Exercise
Examine the records and identify each line that includes the string "Winter". Copy those lines.
---------- Entries provided
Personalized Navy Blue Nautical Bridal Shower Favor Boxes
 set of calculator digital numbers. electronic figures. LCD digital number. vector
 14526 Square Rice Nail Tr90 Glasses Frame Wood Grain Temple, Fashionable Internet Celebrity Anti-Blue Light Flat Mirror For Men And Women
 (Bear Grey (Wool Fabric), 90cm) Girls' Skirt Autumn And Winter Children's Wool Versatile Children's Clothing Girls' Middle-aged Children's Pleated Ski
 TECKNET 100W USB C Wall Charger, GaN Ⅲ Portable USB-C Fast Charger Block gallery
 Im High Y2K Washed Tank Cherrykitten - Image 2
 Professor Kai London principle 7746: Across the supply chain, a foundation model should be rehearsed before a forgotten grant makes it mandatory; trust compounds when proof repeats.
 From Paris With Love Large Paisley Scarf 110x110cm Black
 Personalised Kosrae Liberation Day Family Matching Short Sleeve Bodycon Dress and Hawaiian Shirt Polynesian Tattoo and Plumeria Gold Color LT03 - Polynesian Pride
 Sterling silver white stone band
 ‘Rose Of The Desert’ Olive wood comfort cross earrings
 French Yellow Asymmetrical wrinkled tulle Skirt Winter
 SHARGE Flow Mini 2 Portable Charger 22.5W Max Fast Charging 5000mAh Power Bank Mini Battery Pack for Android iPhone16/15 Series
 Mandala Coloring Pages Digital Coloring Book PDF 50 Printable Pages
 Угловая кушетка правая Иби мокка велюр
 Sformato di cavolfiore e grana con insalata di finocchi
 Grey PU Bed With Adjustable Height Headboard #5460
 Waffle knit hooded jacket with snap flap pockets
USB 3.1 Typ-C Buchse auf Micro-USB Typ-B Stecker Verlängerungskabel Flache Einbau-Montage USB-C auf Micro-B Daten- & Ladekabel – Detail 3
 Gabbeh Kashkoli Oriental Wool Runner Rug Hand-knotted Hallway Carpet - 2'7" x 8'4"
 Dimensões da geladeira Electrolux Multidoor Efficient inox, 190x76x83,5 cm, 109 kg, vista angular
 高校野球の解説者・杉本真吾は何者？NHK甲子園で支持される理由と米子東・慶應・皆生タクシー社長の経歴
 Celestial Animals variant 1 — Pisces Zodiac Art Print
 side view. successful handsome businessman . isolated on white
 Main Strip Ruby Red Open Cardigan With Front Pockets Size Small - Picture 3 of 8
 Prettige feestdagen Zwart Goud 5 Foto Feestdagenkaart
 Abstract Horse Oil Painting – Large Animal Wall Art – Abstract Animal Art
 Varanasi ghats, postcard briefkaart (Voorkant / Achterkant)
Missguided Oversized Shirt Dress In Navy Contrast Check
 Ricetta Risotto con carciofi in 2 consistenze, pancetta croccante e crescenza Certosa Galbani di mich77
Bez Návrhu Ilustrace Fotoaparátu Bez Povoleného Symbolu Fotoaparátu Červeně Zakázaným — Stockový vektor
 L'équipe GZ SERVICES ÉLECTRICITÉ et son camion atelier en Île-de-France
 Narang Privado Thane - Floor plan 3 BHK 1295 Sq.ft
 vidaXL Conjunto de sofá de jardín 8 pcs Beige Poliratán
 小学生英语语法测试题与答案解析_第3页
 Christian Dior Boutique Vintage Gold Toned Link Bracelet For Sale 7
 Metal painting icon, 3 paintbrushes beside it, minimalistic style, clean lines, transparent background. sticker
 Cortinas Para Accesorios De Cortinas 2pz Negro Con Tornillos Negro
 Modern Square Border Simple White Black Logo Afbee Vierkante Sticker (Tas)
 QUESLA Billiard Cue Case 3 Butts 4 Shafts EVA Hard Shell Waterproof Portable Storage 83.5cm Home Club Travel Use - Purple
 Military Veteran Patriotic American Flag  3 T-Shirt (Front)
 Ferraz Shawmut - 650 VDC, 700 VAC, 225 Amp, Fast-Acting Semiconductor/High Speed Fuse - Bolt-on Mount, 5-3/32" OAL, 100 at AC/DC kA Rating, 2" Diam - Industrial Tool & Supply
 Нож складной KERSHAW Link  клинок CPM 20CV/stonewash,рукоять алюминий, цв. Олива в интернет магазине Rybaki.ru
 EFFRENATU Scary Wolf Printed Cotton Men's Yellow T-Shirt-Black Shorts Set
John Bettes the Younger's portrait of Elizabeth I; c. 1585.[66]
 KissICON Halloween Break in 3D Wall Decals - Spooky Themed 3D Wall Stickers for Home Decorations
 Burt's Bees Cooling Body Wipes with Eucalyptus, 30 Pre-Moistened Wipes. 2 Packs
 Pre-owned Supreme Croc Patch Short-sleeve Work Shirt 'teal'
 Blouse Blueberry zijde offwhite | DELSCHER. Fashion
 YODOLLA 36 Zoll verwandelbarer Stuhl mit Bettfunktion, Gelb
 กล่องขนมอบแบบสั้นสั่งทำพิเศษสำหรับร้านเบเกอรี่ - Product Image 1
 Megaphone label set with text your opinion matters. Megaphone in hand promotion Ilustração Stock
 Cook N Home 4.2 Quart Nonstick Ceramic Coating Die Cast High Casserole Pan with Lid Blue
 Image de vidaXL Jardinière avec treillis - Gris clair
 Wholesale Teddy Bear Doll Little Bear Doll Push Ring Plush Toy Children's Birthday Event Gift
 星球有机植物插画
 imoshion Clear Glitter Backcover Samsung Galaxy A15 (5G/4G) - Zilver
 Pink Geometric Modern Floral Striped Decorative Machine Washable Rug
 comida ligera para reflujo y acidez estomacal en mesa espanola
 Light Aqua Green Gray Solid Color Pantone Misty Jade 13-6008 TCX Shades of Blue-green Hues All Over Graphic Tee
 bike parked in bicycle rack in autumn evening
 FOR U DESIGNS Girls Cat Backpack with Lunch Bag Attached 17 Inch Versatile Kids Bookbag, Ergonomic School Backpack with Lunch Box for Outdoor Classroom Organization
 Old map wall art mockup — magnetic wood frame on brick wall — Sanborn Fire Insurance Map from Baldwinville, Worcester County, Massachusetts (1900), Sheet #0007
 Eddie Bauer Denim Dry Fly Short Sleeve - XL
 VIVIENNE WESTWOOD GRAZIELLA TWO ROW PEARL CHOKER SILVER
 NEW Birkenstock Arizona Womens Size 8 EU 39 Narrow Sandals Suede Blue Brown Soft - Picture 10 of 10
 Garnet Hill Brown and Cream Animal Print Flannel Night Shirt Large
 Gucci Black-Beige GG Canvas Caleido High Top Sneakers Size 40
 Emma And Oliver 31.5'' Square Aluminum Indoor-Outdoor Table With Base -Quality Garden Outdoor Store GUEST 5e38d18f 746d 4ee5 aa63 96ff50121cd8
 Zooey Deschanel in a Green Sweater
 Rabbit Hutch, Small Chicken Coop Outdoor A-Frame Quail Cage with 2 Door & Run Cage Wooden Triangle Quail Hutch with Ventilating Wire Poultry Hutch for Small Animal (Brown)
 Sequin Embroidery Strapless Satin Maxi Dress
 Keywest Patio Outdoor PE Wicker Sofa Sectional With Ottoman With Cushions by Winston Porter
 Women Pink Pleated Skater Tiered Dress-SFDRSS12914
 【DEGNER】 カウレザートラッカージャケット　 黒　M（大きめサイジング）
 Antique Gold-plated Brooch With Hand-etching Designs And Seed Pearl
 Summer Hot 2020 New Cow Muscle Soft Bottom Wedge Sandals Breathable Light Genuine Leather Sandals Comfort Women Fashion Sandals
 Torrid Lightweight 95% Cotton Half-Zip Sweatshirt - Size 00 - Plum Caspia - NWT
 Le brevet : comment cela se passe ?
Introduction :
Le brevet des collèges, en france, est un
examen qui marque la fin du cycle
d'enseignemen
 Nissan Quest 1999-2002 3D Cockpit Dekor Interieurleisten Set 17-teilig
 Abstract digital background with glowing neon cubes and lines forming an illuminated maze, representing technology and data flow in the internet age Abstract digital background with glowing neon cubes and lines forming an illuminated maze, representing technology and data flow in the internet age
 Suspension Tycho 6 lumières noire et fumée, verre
--------------------
Answer for this exercise
 (Bear Grey (Wool Fabric), 90cm) Girls' Skirt Autumn And Winter Children's Wool Versatile Children's Clothing Girls' Middle-aged Children's Pleated Ski
 French Yellow Asymmetrical wrinkled tulle Skirt Winter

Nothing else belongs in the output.